Although gender-role stereotyping has prevailed in adult television, some research since 1980 (Bretl & Cantor, 1988; Downs, 1981; Durkin, 1985; and Vande Berg & Streckfuss, 1992) shows evidence of a trend toward less stereotypical portrayals. It is reasonable to expect that this trend might carry over to cartoons, suggesting the following hypotheses:
[H.sub.2]:Post-1980 cartoons will have more female characters than pre-1980 cartoons.
[H.sub.3]:Pre-1980 cartoons will have both male and female characters more gender-role stereotypic than post-1980 cartoons.
“Gender-role stereotypic” will be operationalized as noted under [H.sub.1].
Finally, based on the work of Streicher (1974) noting differences in gender representation in different types of cartoons, a research question was asked:
[RQ.sub.1]: Are there significant differences in gender representation among different types of cartoons (continuing adventures, chase-and-pratfall, and teachy-preachy)?
The hypotheses and research question were examined in a content analysis of children’s animated cartoons.
Sample. A list of all on-going children’s cartoon series on both network and cable channels (N = 92) during February 1993 was generated from the local edition of TV Guide. Each of 31 coders was randomly assigned one cartoon, unless that cartoon was aired only once a week. In such cases, coders were assigned two cartoons. Each coder taped two hours of the show or shows assigned to him or her. Forty-one different cartoons were thus taped. A total of 175 cartoon episodes, ranging in length from about ten minutes to an hour, were taped and coded.
Coders. The coders were junior and senior communication majors enrolled in a class taught by one of the authors. All but one were female, and ranged in age from 20 to 44. They did the coding as part of a class requirement. Coders were told that their coding would be verified with random checks. To facilitate this, coders recorded the broadcast date and time of the cartoon they were coding. One of the researchers taped and coded one show originally coded by each coder. In all cases, reliability on this final coding of the data was greater than 85%. Reliability averaged 93% on the coding of numbers and types of characters; 95% on the demographic characteristic; 91% on the character traits; 86% on the behavior analysis; 87% on the communication analysis; and 92% on total talk time. All of these variables will be described below.
Coder Training.
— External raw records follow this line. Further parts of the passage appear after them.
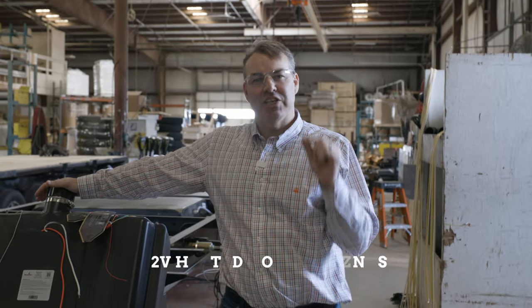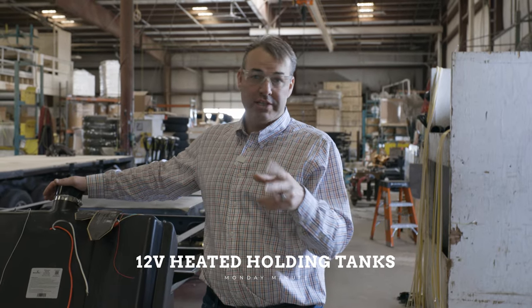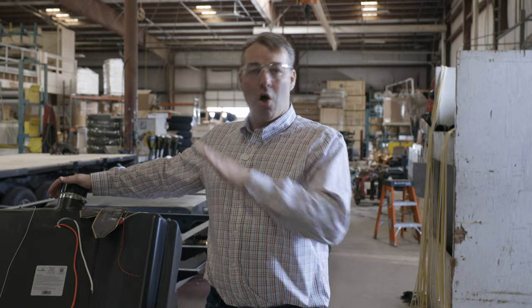Andre back again with Flagstaff. Today we're going to talk about our thermostatically controlled heat pads that go on every single tank. If you have two gray tanks, if you have a black tank, a fresh tank — all those, they're all standard in all of our Classics, Super Lights, and Micro Lights.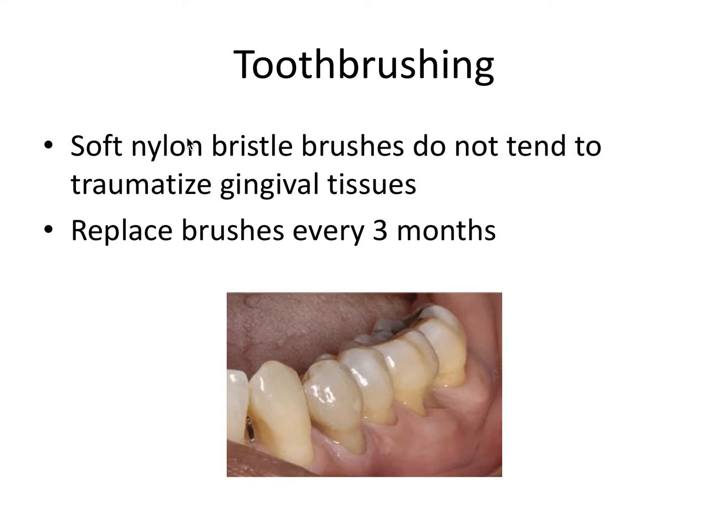You want to use soft nylon bristle brushes, which do not tend to traumatize gingival tissues as much as hard-bristled brushes. They recommend replacing brushes every three months, though every six months is also reasonable. You can see with a patient who brushes aggressively or uses a hard bristle brush that this amount of gingival recession and tooth abrasion is common when using an incorrect toothbrushing method.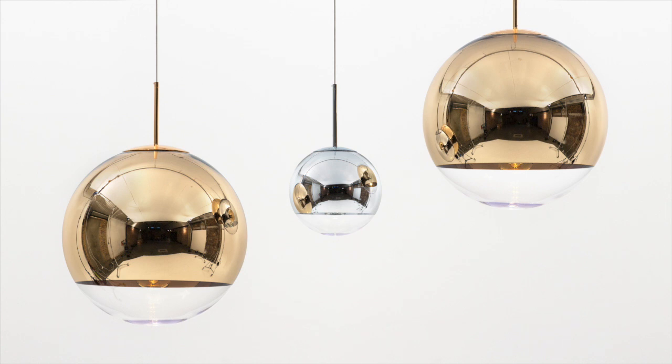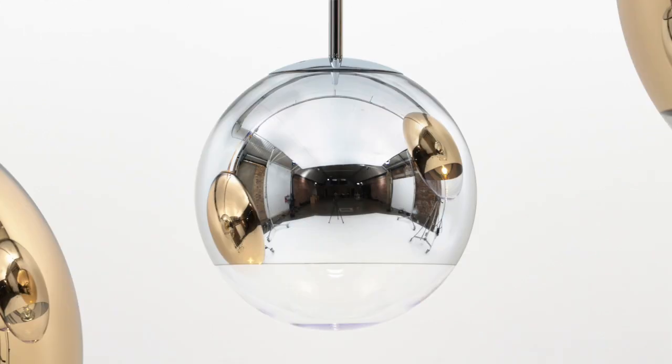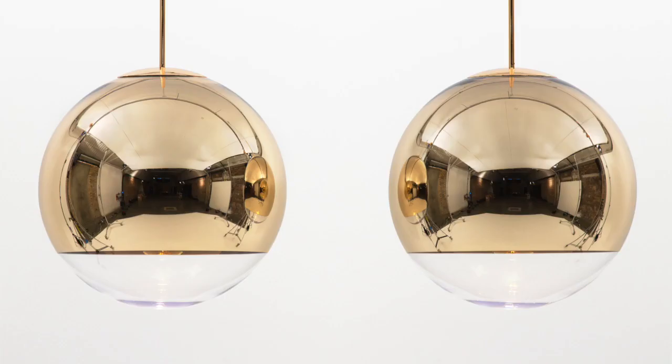Mirror ball is an injection blow-moulded polycarbonate sphere, and it's vacuum metallised with a very thin film of pure metal. It's a technique that's used a lot in optics, particularly in things like sunglasses, astronauts' helmets, and things like that.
A coding scheme was developed by the first author after reviewing the past research on gender representation in children’s cartoons as well as that on gender differences in actual conversation. This effort relied primarily on the coding schemes described by Barcus (1983), Levinson (1975), Mayes and Valentine (1979), Sternglanz and Serbin (1974), and Streicher (1974). The coding scheme was refined three times during coding efforts involving the first author and the student coders. Some of this refinement took place during discussions of the coding instrument involving all the coders at the same time. Following refinement of the instrument, all categories were explained to the coders and written instructions/definitions were given to them. After several practice coding experiences as a group and one-on-one with the researcher during which coding decisions were discussed, all coders independently coded an episode of the same cartoon. Each coder’s evaluations were compared with those of the first author and coders were given feedback. All coders again independently evaluated an episode of the same cartoon. If a coder’s evaluations agreed at least 90% of the time with the first authors, the coder’s training was terminated. If agreement was less than 90%, the coder was again given feedback and training and another cartoon was coded. Following this procedure all coders reached 90% agreement with the first author.
Coding. Each show was viewed at least four times by a trained coder. (A copy of the coding form is available from the authors.) The unit of analysis was somewhat different for different types of variables, because different variables demanded different units of analysis. For variables such as copyright year, numbers of characters, and frequencies of various behaviors, the cartoon was the unit of analysis. Other variables, however, could only meaningfully be coded for the major male and female characters. These variables included demographic characteristics and personality/character traits.
The first viewing of each show entailed coding demographic information about the show and lead characters. This included the name of the show, copyright year, country of origin, number of lead/major female and male characters, number of minor female and male characters, number of minor female and male characters, and number of gender-neutral characters. The lead male and female characters (or the first of such appearing on-screen, if there was more than one) were coded for marital status (single, married, widowed, or divorced), parental status (parent vs. non-parent), occupation, species (human, animal, or other nonhuman), and appearance (real life vs. fantasy). The lead male and female characters were also rated on 25 different character/personality traits using 5-point scales. These traits were selected from past research and included such traits as warm-cold, independent-dependent, attractive-unattractive, athletic-unathletic, responsible-irresponsible, etc. Additionally, characters were rated as stereotypical vs. nonstereotypical on a 5-point scale to assess how closely the character corresponded to traditional gender roles. The directionality of the items moved from a score of 1 on the left-hand side of the scale to 5 on the right-hand side. Reliability of this portion of the scale could be assessed using Cronbach’s alpha (males = .80; females = .86).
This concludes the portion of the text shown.